[[ DATA SUPPLIED, beginning ]]

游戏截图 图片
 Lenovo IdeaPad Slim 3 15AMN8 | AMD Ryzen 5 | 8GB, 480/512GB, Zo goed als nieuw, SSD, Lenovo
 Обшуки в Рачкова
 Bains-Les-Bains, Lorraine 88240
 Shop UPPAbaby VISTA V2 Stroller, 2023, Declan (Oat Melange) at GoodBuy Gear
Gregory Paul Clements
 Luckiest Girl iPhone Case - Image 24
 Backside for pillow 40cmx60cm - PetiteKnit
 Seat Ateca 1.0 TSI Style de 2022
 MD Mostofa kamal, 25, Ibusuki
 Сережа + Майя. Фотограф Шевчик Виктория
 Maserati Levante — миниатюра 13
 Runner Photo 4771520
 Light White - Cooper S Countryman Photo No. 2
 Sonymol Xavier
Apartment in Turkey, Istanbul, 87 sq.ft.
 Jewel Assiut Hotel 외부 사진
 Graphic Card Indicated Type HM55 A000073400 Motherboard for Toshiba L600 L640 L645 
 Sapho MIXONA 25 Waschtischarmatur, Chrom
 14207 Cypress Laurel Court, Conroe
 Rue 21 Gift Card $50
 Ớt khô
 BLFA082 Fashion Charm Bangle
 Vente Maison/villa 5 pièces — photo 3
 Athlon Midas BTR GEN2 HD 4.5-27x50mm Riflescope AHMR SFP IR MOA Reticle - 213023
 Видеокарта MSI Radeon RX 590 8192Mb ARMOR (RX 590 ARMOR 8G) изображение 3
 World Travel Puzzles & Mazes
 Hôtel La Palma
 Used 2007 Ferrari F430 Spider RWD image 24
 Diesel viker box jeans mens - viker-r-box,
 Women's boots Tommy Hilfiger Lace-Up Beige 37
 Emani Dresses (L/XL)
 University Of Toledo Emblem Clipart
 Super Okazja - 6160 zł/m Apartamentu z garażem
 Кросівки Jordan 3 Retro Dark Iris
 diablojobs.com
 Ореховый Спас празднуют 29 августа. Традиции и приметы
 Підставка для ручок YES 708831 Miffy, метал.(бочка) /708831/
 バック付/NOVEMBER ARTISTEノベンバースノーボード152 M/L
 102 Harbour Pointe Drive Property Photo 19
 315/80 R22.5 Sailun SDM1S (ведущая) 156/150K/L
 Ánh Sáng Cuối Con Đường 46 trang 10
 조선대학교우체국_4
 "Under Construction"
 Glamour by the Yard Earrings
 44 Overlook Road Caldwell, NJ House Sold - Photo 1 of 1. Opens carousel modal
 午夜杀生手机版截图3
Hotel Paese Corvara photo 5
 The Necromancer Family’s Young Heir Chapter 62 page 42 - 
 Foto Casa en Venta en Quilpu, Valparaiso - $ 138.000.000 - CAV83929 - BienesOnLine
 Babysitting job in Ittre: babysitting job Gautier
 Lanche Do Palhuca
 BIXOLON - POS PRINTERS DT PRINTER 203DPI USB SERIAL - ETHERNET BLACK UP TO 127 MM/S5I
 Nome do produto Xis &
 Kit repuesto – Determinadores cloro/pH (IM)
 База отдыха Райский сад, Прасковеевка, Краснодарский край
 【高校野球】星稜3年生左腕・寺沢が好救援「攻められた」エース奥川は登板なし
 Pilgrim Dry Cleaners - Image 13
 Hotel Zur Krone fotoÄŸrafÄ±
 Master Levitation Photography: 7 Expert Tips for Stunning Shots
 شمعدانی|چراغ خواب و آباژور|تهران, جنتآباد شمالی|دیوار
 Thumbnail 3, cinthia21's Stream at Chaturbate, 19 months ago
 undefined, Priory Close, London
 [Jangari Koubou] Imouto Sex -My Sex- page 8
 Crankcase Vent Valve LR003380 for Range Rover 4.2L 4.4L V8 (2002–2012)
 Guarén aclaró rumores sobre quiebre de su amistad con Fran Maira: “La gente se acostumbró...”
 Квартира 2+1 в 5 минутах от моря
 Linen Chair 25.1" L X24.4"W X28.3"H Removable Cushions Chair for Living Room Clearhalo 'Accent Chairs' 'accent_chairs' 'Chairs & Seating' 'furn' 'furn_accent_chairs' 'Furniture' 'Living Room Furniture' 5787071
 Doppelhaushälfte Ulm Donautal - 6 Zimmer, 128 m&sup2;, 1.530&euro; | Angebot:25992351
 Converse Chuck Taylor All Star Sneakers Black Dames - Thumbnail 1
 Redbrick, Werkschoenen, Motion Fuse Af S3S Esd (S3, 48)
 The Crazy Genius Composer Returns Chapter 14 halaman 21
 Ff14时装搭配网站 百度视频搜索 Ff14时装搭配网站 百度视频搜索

[[ DATA SUPPLIED, end ]]

### WHAT IS BEING ASKED
What is needed here is an exact copy of every record.

### RESULT
游戏截图 图片
 Lenovo IdeaPad Slim 3 15AMN8 | AMD Ryzen 5 | 8GB, 480/512GB, Zo goed als nieuw, SSD, Lenovo
 Обшуки в Рачкова
 Bains-Les-Bains, Lorraine 88240
 Shop UPPAbaby VISTA V2 Stroller, 2023, Declan (Oat Melange) at GoodBuy Gear
Gregory Paul Clements
 Luckiest Girl iPhone Case - Image 24
 Backside for pillow 40cmx60cm - PetiteKnit
 Seat Ateca 1.0 TSI Style de 2022
 MD Mostofa kamal, 25, Ibusuki
 Сережа + Майя. Фотограф Шевчик Виктория
 Maserati Levante — миниатюра 13
 Runner Photo 4771520
 Light White - Cooper S Countryman Photo No. 2
 Sonymol Xavier
Apartment in Turkey, Istanbul, 87 sq.ft.
 Jewel Assiut Hotel 외부 사진
 Graphic Card Indicated Type HM55 A000073400 Motherboard for Toshiba L600 L640 L645 
 Sapho MIXONA 25 Waschtischarmatur, Chrom
 14207 Cypress Laurel Court, Conroe
 Rue 21 Gift Card $50
 Ớt khô
 BLFA082 Fashion Charm Bangle
 Vente Maison/villa 5 pièces — photo 3
 Athlon Midas BTR GEN2 HD 4.5-27x50mm Riflescope AHMR SFP IR MOA Reticle - 213023
 Видеокарта MSI Radeon RX 590 8192Mb ARMOR (RX 590 ARMOR 8G) изображение 3
 World Travel Puzzles & Mazes
 Hôtel La Palma
 Used 2007 Ferrari F430 Spider RWD image 24
 Diesel viker box jeans mens - viker-r-box,
 Women's boots Tommy Hilfiger Lace-Up Beige 37
 Emani Dresses (L/XL)
 University Of Toledo Emblem Clipart
 Super Okazja - 6160 zł/m Apartamentu z garażem
 Кросівки Jordan 3 Retro Dark Iris
 diablojobs.com
 Ореховый Спас празднуют 29 августа. Традиции и приметы
 Підставка для ручок YES 708831 Miffy, метал.(бочка) /708831/
 バック付/NOVEMBER ARTISTEノベンバースノーボード152 M/L
 102 Harbour Pointe Drive Property Photo 19
 315/80 R22.5 Sailun SDM1S (ведущая) 156/150K/L
 Ánh Sáng Cuối Con Đường 46 trang 10
 조선대학교우체국_4
 "Under Construction"
 Glamour by the Yard Earrings
 44 Overlook Road Caldwell, NJ House Sold - Photo 1 of 1. Opens carousel modal
 午夜杀生手机版截图3
Hotel Paese Corvara photo 5
 The Necromancer Family’s Young Heir Chapter 62 page 42 - 
 Foto Casa en Venta en Quilpu, Valparaiso - $ 138.000.000 - CAV83929 - BienesOnLine
 Babysitting job in Ittre: babysitting job Gautier
 Lanche Do Palhuca
 BIXOLON - POS PRINTERS DT PRINTER 203DPI USB SERIAL - ETHERNET BLACK UP TO 127 MM/S5I
 Nome do produto Xis &
 Kit repuesto – Determinadores cloro/pH (IM)
 База отдыха Райский сад, Прасковеевка, Краснодарский край
 【高校野球】星稜3年生左腕・寺沢が好救援「攻められた」エース奥川は登板なし
 Pilgrim Dry Cleaners - Image 13
 Hotel Zur Krone fotoÄŸrafÄ±
 Master Levitation Photography: 7 Expert Tips for Stunning Shots
 شمعدانی|چراغ خواب و آباژور|تهران, جنتآباد شمالی|دیوار
 Thumbnail 3, cinthia21's Stream at Chaturbate, 19 months ago
 undefined, Priory Close, London
 [Jangari Koubou] Imouto Sex -My Sex- page 8
 Crankcase Vent Valve LR003380 for Range Rover 4.2L 4.4L V8 (2002–2012)
 Guarén aclaró rumores sobre quiebre de su amistad con Fran Maira: “La gente se acostumbró...”
 Квартира 2+1 в 5 минутах от моря
 Linen Chair 25.1" L X24.4"W X28.3"H Removable Cushions Chair for Living Room Clearhalo 'Accent Chairs' 'accent_chairs' 'Chairs & Seating' 'furn' 'furn_accent_chairs' 'Furniture' 'Living Room Furniture' 5787071
 Doppelhaushälfte Ulm Donautal - 6 Zimmer, 128 m&sup2;, 1.530&euro; | Angebot:25992351
 Converse Chuck Taylor All Star Sneakers Black Dames - Thumbnail 1
 Redbrick, Werkschoenen, Motion Fuse Af S3S Esd (S3, 48)
 The Crazy Genius Composer Returns Chapter 14 halaman 21
 Ff14时装搭配网站 百度视频搜索 Ff14时装搭配网站 百度视频搜索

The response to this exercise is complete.